A proposito di social media e collettività
Il «social-pensiero», che ormai dilaga nella nostra vita quotidiana ed attraverso il quale ognuno di noi ha la possibilità di interagire su tante tematiche ed argomenti di attualità, è uno strumento di grande impatto mediatico sulla pubblica opinione e sui singoli. Tuttavia, avrebbe esso i giusti requisiti per considerarsi espressione di una coscienza collettiva?
È una domanda che merita essere analizzata, considerando che i tanti contenuti del «social- pensiero» (chiamiamolo pure così) si dispiegano in un vastissimo spazio dialettico, ma che, per tanti altri versi, purtroppo, degrada anche in pessime forme, troppo spesso anche lesive della dignità di chicchessia e di cui vorremmo, molto volentieri, poterne fare a meno. Poiché sui social media vengono espressi giudizi molto personali
sugli accadimenti nella nostra società, e che riguardano tante diverse tematiche, verrebbe più spontaneo attribuire alle tante e disparate voci una valenza solo esclusivamente personale e quindi appartenenti ad una categoria che potremmo più realisticamente definire dell'«ognuno per sé». Sia che si tratti di argomenti gossip o frivoli oppure di politica, economia o quant'altro, ognuno si esprimerebbe secondo i propri intendimenti, prevalentemente soggettivi.
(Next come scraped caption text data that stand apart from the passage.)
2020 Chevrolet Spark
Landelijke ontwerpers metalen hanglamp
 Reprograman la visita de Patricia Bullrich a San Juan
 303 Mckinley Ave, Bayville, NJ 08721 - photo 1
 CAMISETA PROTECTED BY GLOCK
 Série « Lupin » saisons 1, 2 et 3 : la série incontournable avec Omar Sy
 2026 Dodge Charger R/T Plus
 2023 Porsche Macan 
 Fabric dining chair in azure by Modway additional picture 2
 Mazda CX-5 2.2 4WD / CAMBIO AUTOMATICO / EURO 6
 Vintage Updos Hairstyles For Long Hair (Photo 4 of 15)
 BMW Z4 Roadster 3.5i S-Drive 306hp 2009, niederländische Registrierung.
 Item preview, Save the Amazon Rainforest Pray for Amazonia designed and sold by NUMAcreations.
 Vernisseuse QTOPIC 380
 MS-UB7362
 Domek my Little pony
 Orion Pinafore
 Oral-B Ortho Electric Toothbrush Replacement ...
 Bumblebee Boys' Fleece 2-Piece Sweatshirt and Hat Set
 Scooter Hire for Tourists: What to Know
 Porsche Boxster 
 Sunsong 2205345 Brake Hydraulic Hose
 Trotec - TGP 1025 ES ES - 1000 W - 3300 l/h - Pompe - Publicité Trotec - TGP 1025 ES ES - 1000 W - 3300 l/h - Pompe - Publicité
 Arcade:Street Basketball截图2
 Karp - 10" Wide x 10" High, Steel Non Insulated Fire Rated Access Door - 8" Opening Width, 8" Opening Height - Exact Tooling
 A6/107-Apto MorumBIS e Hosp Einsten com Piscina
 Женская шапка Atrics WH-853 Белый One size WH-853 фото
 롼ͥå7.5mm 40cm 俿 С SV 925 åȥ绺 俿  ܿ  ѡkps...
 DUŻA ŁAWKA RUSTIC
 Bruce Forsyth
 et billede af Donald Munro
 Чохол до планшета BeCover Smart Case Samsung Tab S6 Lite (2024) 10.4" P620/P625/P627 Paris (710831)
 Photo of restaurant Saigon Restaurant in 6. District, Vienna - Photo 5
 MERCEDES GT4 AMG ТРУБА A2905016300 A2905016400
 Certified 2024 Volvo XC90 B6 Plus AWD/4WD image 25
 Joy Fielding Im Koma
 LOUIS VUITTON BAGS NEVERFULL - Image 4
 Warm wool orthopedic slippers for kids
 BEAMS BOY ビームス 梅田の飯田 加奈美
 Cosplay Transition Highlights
Tuttavia, analizzando i vari commenti che la gente comune esprime attraverso i diversi siti comunicativi, nessuno escluso, e volendo sintetizzare il globale contenuto di tutti gli interventi, emergerebbe sicuramente una traccia, seppur sottile, che avvicini le singole sensibilità, pur se nella loro vasta diversità, trasformandola in un sentire pressoché unitario.
In tal modo la sintesi generalizzata di un «social-pensiero» potrebbe meritare d'esser considerata «già acquisita» nell'ambito di un collettivo pensiero dominante.